Introducing the new Agent Workbench UI
Meet Buda's new Agent Workbench UI: a shift from tabs layout to fixed Agent Chat, Side Panel, and Bottom Panel for AI agent work.
The main interface of an agent product has one job.
It should keep the work visible.
The old Buda workspace used a tabs-first layout. It was simple, but every tab competed with the same main space. Open Drive, and the chat moved away. Open a browser, and the session disappeared behind another surface. That was too much context switching for agent work.
The new Agent Workbench UI changes the structure: Agent Chat stays fixed, while supporting work moves into a Side Panel and a Bottom Panel.
The old problem
Many agent interfaces treat every tool as a replacement for the main view. Buda's earlier tabs layout had the same pressure.
Open Drive, and the chat moves out of sight. Open a browser, and the session becomes another tab to return to. Open a terminal, and the conversation is no longer the stable center.
That works for simple utilities. It does not work for agent work.
Agent work is not a sequence of separate screens. It is a live loop:
- Ask.
- Watch.
- Inspect.
- Correct.
- Continue.
If the UI keeps hiding the agent while you inspect the work, it adds friction at the exact moment where human judgment matters.
The new structure
The redesigned Buda interface moves from tabs as the main layout to four calm regions.
Left Sidebar keeps navigation stable. In Single Agent Layout, it is session-first. In Company Layout, it still supports broader agent and space navigation.
Agent Chat stays fixed in the main canvas. This is the center of the work. The agent's reasoning, messages, and next action stay visible while tools open around it.
Side Panel sits on the right. It is for focused auxiliary surfaces: Drive, browser, git, and other tabbed work that benefits from height.
Bottom Panel spans the lower area. It is for horizontal work surfaces and quick inspection, especially when you want the agent conversation and a wide tool view at the same time.

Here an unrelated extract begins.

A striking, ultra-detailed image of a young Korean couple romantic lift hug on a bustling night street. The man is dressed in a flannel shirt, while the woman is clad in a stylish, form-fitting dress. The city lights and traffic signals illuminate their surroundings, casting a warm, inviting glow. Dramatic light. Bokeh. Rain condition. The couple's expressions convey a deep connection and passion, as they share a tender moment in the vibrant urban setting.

The chat is not a tab. It is the anchor.
Why panels, not pages
Panels change the relationship between the human and the agent.
When Drive is a page, opening Drive means leaving the conversation. When Drive is a panel, opening Drive means checking the agent's working context.
The difference is small in layout. It is large in behavior.
You can keep the agent visible while inspecting files. You can keep a browser beside the conversation. You can open a bottom panel for a broader view without breaking the session. You can close every support tab and still remain in the agent chat.
That is the workflow Buda is designed for: visible execution, human review, and fast course correction.
Toggle states matter
The Side Panel and Bottom Panel each have their own toggle in the Agent Chat toolbar.
When a panel is open, its toggle is active. When the panel is hidden, the toggle returns to a quiet state. This is not decoration. It is orientation.
The user should know, at a glance, which surfaces are currently participating in the workspace.
What this unlocks
The new workbench makes several patterns feel natural:
- Keep a session open while browsing Drive.
- Compare generated files without losing the chat.
- Run a terminal or git view while the agent keeps context.
- Use the Bottom Panel for wide supporting views.
- Close all support tabs and return to a clean chat surface.
It also makes Buda easier to teach. The mental model is simple: left is navigation, center is the agent, right and bottom are work surfaces.
A quieter interface for heavier work
As agents become more capable, the interface around them should become calmer.
The human does not need more panels for the sake of panels. The human needs a workspace where execution is visible, context is organized, and review is easy.
That is what the Agent Workbench is for.
The agent does the heavy lifting. The human stays in position to judge the work.